The fund’s portfolio is currently consists of 16% U.S. equities, 14% international equities, 12% private equities, 16% private credit, 12% global trading strategies, 9% real assets, 10% real estate, 4% risk parity, 5% fixed income and 2% cash.
The purity hypothesis
Thatcher’s purity hypothesis is based on the fact that most active managers do not cleave purely to their investing style when investing for their portfolio. The result is that they tend not to perform as well as a high-performing index funds in the same category.
Take large-cap growth stocks, for example. “Large-cap growth stocks have been crushing everything for a long time; they are the best performing class.” And what Thatcher’s research has found is that the large-cap growth index typically outperforms the large-cap growth active managers in that box, Thatcher said. That’s because the large-cap growth active managers typically don’t have their entire portfolio invested in large-cap growth stocks. “These active managers are not style pure,” Thatcher said. “They get into the situation where in the best performing box, they will also have these other non-large growth stocks, maybe some medium growth stocks, that are not performing well and that drags down their return versus the large-cap growth index,” he said.
The concept works the opposite way in the worst performing style box. If small-cap value is the worst performing box and all active managers are not style pure, then the companies in which they invest outside of small-cap value, such as small blend or midsize blend, will pull the active managers’ investment up, and help them to outperform the index, Thatcher explained. What it boils down to, he says is that “active managers are punished for their style impurity in the best performing asset class and are rewarded for style impurities in the worst performing asset categories.”

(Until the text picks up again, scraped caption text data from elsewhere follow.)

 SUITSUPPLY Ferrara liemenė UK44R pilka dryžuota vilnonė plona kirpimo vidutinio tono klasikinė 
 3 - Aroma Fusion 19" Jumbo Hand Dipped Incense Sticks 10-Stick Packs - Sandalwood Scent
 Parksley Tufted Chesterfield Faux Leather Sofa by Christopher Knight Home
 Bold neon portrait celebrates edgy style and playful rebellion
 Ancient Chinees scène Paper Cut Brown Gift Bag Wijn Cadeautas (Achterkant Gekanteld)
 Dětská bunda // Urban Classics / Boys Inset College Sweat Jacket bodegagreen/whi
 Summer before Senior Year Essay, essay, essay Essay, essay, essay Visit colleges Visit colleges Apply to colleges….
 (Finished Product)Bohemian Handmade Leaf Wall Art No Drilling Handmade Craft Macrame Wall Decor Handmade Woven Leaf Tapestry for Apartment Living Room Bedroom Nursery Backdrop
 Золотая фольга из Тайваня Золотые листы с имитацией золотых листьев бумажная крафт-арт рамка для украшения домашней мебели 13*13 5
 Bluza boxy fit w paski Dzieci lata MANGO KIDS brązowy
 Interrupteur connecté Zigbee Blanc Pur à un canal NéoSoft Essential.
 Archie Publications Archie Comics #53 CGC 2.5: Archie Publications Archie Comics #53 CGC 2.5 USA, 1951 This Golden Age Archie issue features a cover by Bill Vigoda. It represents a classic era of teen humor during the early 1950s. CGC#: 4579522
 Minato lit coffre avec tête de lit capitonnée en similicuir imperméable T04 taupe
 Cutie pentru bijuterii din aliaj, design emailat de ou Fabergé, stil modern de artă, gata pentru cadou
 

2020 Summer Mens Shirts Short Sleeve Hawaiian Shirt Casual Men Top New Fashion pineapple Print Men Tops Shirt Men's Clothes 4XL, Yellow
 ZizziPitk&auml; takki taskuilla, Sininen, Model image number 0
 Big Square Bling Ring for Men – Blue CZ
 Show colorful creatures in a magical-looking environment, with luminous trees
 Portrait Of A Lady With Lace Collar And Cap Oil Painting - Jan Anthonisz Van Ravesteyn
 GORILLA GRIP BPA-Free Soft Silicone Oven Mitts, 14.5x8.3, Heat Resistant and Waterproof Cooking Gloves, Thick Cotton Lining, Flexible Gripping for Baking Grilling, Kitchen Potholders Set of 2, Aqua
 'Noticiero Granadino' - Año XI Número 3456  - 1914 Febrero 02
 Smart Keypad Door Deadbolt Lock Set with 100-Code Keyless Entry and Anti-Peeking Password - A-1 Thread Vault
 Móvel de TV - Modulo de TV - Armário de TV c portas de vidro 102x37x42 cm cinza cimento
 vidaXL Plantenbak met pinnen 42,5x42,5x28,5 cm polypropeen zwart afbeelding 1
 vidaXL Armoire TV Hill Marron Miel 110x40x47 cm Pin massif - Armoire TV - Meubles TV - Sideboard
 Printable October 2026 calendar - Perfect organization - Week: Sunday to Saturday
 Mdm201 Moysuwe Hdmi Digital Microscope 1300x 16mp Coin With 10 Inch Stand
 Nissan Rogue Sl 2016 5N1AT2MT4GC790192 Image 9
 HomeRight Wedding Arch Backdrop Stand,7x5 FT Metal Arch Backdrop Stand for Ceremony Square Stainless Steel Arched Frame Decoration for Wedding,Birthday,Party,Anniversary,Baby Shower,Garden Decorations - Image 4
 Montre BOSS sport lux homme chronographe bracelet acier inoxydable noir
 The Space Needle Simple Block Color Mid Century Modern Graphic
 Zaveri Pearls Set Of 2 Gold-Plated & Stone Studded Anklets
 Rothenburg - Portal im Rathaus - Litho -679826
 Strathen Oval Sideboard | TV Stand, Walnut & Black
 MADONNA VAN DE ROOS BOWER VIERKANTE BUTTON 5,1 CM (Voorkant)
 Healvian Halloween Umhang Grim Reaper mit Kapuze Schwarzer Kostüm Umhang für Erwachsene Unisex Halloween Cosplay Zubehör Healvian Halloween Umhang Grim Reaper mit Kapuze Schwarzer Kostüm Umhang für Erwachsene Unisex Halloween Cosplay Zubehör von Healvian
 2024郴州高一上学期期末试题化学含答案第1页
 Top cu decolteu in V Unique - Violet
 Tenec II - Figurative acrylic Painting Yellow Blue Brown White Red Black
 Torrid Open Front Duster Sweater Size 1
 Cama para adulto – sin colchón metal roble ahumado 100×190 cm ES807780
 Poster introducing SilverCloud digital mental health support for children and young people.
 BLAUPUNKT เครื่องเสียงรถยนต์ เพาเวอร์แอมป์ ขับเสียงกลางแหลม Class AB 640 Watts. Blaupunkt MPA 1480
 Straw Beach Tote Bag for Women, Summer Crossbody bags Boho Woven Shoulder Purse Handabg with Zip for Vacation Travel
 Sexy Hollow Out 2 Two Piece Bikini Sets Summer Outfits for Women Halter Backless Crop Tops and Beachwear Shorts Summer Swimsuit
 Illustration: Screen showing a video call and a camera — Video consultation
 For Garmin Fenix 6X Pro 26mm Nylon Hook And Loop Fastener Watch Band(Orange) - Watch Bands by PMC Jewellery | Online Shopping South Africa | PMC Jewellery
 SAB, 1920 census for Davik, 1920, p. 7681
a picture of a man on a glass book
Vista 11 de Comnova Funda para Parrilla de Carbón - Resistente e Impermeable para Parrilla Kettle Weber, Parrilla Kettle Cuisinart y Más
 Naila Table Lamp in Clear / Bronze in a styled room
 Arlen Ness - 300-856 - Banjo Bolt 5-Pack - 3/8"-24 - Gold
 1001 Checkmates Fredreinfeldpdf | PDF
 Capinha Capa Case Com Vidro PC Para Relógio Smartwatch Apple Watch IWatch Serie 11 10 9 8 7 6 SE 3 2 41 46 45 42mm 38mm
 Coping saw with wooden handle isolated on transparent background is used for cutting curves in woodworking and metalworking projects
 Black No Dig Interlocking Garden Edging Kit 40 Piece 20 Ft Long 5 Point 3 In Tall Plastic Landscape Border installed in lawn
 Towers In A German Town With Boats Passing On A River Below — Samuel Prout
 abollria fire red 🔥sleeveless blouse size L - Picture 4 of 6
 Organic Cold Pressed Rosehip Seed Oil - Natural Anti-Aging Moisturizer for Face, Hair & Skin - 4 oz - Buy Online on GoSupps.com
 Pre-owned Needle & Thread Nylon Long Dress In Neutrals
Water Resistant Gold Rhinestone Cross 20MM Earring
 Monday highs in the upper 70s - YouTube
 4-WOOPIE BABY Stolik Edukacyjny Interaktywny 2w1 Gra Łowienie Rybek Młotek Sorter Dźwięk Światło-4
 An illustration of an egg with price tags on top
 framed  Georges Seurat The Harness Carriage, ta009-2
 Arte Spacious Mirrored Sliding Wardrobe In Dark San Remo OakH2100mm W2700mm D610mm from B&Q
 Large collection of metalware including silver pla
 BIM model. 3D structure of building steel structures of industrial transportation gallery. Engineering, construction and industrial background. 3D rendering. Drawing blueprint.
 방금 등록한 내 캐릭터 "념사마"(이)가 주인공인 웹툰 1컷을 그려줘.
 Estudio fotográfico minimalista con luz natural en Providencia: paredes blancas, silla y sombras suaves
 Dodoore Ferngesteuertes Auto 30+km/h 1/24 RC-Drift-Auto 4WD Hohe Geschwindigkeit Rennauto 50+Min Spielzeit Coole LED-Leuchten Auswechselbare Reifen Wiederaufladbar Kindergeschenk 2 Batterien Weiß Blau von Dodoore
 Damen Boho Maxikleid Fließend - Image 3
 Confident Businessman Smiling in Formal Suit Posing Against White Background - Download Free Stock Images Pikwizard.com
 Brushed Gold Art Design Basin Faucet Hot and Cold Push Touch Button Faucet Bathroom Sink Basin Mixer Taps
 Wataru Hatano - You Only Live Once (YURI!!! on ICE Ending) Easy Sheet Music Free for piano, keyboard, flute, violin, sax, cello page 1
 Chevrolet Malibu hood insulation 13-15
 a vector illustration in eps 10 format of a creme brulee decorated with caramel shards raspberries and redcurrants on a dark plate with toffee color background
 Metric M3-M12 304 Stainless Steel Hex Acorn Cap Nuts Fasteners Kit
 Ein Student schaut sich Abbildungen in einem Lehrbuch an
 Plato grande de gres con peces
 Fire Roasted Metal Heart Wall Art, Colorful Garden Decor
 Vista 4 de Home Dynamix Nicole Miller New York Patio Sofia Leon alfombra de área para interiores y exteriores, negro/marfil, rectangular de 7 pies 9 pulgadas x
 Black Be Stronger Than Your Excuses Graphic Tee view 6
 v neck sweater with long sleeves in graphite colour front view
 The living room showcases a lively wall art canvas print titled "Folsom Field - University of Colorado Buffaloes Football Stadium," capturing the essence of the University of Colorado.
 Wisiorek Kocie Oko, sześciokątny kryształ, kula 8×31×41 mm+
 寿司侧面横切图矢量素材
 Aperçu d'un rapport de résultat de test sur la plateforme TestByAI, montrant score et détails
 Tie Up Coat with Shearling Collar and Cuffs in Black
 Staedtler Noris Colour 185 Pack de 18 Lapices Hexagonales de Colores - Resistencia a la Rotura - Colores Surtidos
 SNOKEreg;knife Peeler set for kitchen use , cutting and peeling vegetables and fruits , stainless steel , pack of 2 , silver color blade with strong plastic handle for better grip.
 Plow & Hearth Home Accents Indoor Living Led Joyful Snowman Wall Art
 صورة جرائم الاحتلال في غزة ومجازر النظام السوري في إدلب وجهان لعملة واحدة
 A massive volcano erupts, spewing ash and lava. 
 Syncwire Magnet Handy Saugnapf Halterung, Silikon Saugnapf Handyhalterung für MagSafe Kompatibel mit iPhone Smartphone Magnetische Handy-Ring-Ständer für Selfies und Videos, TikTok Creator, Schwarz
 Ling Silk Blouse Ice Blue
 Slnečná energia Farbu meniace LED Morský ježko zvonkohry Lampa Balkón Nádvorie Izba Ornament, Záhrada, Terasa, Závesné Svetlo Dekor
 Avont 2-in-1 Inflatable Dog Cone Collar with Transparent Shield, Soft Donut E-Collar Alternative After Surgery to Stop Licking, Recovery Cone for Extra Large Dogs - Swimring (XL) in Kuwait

“When an asset class does well, an index fund in that asset class does even better.”—Steven Dunn, founder of Dunn’s Law, which seeks to explain certain elements of fund performance.
Implementing the purity hypothesis
So, how should investors best use the purity hypothesis concept to boost returns? Thatcher uses current market performance as an example of how it could work. Growth stocks have been outperforming the market up until recently, but “it looks like value stocks, after many years, could be starting to outperform growth, at least in the short run,” he said. So for those who see this as an on-going trend, Thatcher’s recommendation, based on the purity hypothesis, would be “to tilt their portfolio toward value stocks, depending on a number of indicators.” And they should use index funds to do so. “Because, if your tilt is right and value stocks outperform growth, then active value managers as a group are likely to underperform the index. It’s just another reason to avoid active managers,” Thatcher said.
Are active manager the better choice for international equities?
While passive is the way to go with U.S. equities, Thatcher cautions against using the purity hypothesis when looking to invest in international public equities. That’s because of the fluctuations in the currency markets. “If there were not currency movements, maybe the same thing (purity hypothesis) would occur, but we don’t know,” he said.
Thatcher is also quick to point out that he didn’t come up with the initial idea behind the research he is touting. He credits William J. Bernstein, the editor of the quarterly asset-allocation journal Efficient Frontier and a principal at Efficient Frontier Advisors, an investment advisory firm, and Steven Dunn, the founder of Dunn’s Law, for coming up with the basic theory in 1999. Thatcher was so impressed with their research that he began updating it every few years. He is surprised that it hasn’t gotten more traction. “The data is really strong, and people don’t know about it yet,” he said.